■ Assignment ■
Write out exactly the lines from the one containing "The Charlatans, pe afişul B’estfest" to the end of the material, both ends included, and nothing else. Leave pictures out.

■ Collected material ■
--- START ---

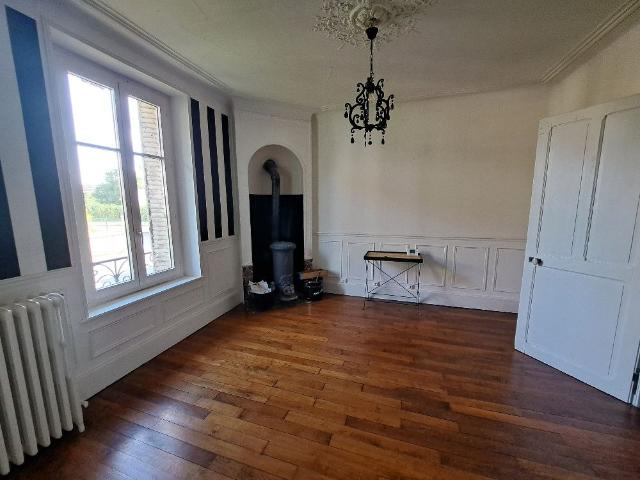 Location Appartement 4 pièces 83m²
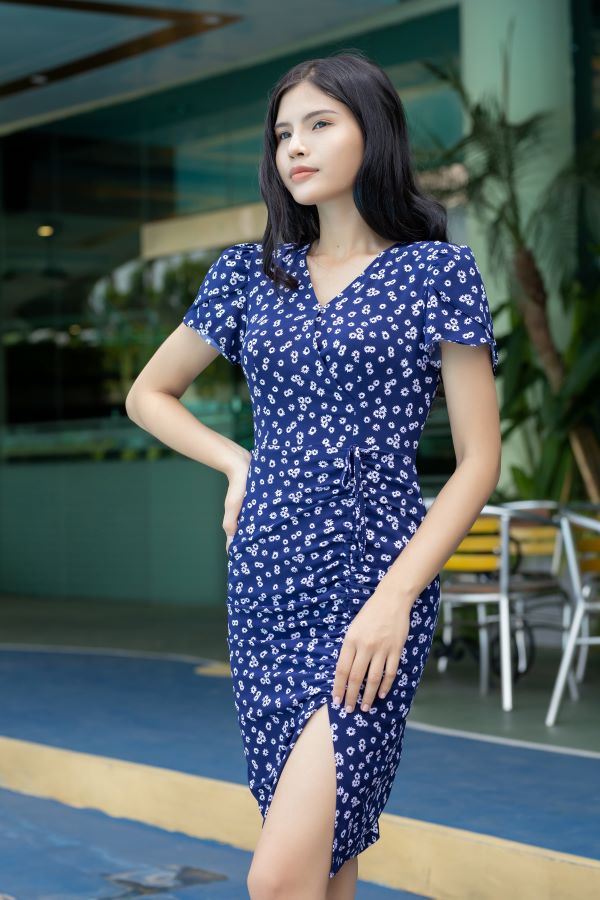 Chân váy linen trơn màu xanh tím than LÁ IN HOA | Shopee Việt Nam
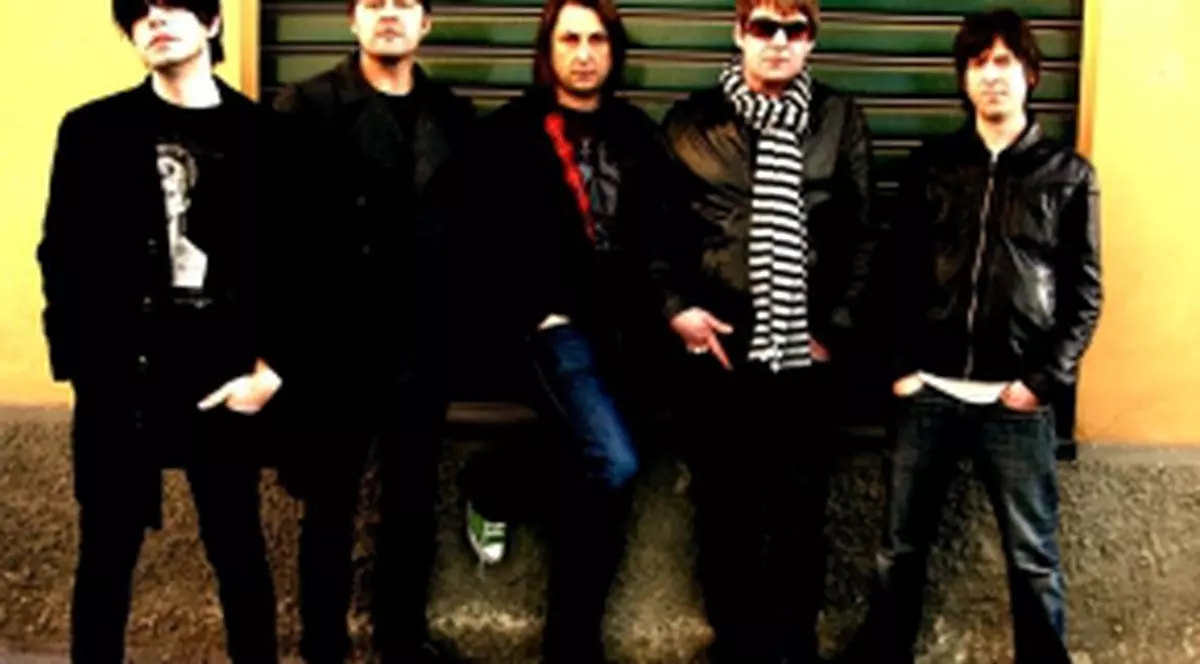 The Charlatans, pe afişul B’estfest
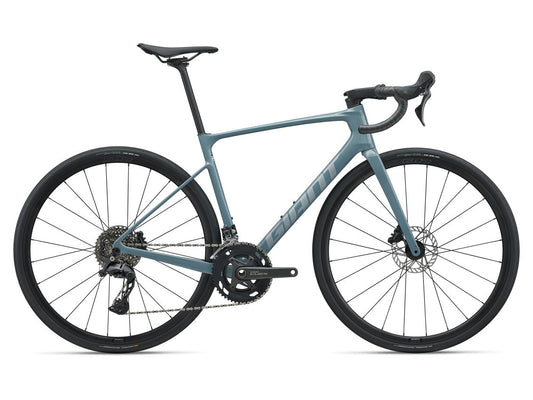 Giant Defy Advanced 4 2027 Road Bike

--- END ---

■ Output of the exercise ■
 The Charlatans, pe afişul B’estfest
 Giant Defy Advanced 4 2027 Road Bike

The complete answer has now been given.